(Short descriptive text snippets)
★ ★ ★ ★ ★ ★ ★

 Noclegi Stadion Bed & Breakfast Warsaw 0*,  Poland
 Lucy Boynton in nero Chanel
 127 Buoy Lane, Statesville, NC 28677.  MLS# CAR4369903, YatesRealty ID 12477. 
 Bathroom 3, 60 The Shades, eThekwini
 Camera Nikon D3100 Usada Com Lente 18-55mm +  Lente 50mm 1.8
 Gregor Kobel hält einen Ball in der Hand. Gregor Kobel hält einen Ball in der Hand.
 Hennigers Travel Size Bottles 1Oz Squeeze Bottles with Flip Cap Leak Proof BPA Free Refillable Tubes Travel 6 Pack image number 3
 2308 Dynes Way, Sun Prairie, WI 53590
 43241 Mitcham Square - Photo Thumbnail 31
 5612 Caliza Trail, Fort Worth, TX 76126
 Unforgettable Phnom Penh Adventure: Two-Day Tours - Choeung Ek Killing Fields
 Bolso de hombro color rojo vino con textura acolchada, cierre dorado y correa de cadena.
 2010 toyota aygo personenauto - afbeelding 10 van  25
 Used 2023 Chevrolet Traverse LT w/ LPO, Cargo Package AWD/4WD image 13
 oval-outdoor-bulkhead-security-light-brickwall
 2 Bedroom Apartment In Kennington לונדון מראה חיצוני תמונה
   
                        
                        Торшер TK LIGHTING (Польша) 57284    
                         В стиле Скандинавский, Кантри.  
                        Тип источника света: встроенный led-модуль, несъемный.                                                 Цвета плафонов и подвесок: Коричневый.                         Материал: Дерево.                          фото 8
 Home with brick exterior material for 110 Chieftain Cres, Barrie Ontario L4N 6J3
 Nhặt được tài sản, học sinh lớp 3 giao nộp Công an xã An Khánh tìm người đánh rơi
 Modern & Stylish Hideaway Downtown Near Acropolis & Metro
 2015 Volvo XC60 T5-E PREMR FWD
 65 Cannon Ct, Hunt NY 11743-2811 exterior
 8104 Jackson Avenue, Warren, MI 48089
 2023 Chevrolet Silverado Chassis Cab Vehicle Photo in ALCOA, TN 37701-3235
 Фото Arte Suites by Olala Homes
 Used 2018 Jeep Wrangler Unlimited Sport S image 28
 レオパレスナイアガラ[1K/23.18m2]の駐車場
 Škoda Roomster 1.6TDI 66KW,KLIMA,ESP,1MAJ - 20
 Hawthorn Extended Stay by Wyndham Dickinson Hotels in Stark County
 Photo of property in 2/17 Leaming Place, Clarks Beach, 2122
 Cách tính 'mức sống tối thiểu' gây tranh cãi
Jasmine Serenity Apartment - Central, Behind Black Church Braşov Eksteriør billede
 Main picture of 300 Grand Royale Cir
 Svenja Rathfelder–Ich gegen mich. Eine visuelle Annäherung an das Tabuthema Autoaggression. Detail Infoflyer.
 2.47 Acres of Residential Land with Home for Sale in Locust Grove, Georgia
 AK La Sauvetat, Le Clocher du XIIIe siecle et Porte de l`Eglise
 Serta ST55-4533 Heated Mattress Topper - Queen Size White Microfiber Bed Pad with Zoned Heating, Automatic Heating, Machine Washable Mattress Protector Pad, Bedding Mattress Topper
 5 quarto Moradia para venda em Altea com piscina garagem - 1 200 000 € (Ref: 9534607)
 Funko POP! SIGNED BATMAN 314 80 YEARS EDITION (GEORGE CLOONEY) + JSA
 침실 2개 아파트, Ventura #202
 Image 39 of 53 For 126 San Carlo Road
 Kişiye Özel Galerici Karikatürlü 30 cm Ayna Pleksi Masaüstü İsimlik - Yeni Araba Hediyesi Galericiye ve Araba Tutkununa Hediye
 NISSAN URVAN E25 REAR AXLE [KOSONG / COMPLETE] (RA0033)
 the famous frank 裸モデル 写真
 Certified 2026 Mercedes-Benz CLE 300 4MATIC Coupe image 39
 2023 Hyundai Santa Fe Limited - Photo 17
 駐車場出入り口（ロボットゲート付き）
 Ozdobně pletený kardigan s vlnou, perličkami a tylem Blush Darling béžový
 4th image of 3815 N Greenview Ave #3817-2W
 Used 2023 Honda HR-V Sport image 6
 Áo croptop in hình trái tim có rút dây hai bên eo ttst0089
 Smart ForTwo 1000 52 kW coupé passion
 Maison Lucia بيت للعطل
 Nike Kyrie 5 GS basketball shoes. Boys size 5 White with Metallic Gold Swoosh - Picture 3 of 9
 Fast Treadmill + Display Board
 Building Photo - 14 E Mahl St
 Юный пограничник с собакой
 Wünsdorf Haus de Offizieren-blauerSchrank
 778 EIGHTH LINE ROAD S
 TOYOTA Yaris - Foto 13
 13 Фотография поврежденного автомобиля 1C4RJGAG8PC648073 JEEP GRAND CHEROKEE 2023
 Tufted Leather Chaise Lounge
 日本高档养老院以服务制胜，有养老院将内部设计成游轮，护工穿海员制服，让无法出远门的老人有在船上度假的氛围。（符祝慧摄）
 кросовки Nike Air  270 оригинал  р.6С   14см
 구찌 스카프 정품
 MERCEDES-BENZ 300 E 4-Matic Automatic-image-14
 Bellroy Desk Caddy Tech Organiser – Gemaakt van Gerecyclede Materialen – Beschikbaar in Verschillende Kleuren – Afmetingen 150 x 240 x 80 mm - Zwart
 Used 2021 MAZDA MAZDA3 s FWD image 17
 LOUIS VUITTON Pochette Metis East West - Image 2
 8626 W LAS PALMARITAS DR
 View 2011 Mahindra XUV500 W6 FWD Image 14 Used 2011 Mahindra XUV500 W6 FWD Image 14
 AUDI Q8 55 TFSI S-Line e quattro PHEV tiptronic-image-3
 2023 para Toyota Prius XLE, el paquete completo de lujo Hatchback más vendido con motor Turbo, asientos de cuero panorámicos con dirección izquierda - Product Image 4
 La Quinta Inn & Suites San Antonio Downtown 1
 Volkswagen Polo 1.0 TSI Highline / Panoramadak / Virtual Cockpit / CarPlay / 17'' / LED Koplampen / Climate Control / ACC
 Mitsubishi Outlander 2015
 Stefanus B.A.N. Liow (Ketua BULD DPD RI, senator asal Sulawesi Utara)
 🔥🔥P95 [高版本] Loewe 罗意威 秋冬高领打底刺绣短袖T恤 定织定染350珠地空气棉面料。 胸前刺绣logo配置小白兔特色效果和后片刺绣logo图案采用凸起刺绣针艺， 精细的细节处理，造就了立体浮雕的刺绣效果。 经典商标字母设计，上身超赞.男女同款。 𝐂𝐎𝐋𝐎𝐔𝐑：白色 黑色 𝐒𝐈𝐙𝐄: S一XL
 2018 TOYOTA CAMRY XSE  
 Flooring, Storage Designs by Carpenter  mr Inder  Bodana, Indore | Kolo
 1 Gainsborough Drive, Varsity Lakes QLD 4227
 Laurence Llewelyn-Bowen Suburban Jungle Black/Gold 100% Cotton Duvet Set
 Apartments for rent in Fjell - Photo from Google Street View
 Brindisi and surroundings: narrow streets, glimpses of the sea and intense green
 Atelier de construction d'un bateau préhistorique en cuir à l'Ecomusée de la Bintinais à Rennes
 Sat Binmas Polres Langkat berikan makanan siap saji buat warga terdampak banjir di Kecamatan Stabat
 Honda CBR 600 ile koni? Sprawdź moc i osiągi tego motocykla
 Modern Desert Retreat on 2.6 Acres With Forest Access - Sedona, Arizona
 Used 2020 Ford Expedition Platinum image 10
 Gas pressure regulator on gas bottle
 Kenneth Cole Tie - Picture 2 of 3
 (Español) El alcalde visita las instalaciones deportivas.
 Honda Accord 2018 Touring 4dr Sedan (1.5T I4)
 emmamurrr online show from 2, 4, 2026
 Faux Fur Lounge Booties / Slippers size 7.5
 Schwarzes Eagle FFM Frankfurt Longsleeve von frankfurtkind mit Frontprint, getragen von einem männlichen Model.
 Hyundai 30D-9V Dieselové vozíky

★ ★ ★ ★ ★ ★ ★

EXERCISE
Count lines, not occurrences. State how many lines of the entries contain the word "Acres", and add nothing.

SOLUTION TO THIS EXERCISE
2